### Activity:
An exact copy is required of the lines running from the one that contains "ros accumulation" to the end of the material, both ends included, with pictures omitted.

### Stored data:
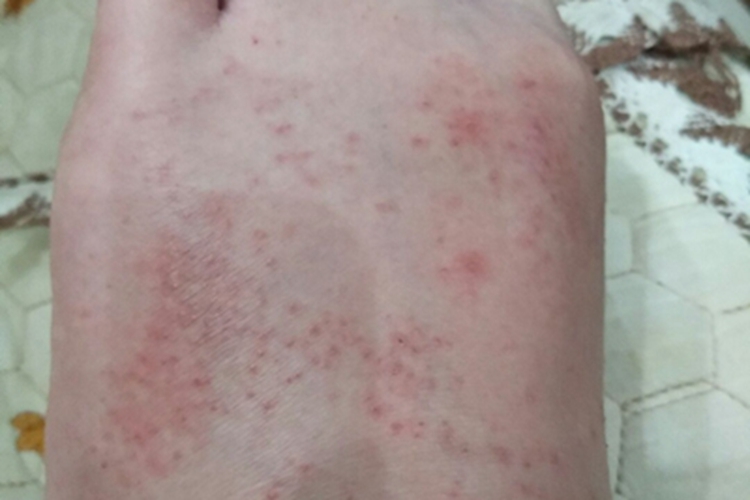 儿童丘疹性肢端皮炎脚背症状图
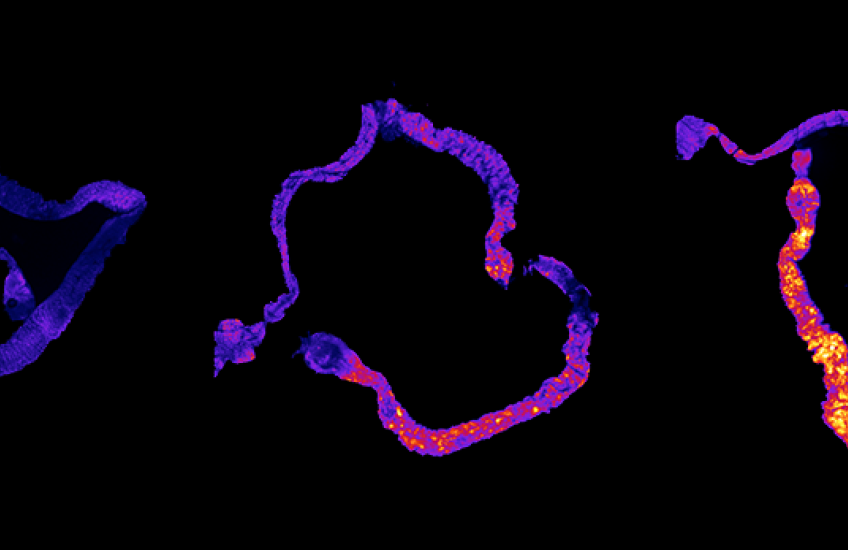 ros accumulation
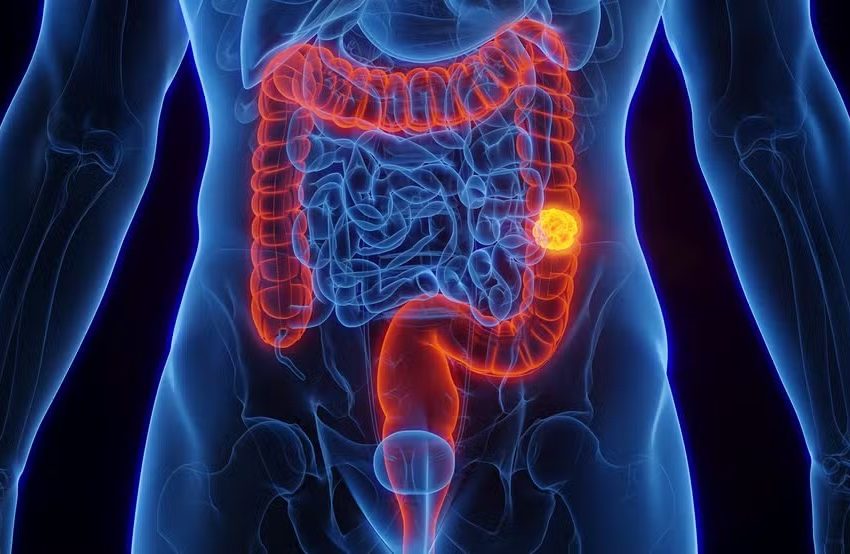  SUS adota novo exame para detectar câncer de intestino antes de sintomas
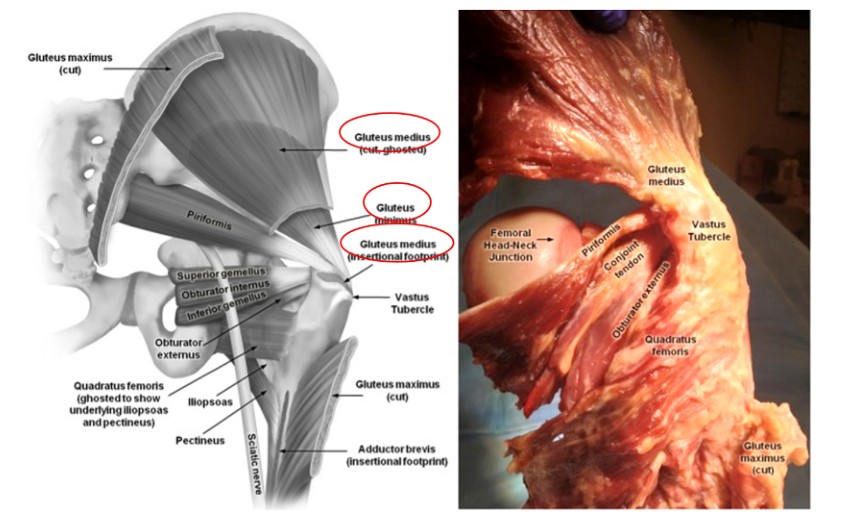 Femoral Intramedullary Nailing - How To Choose The Best Insertion Point-1 Femoral Intramedullary Nailing - Paano Pumili Ang Pinakamagandang Insertion Point-1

### Solution for this task:
 ros accumulation
  SUS adota novo exame para detectar câncer de intestino antes de sintomas
 Femoral Intramedullary Nailing - How To Choose The Best Insertion Point-1 Femoral Intramedullary Nailing - Paano Pumili Ang Pinakamagandang Insertion Point-1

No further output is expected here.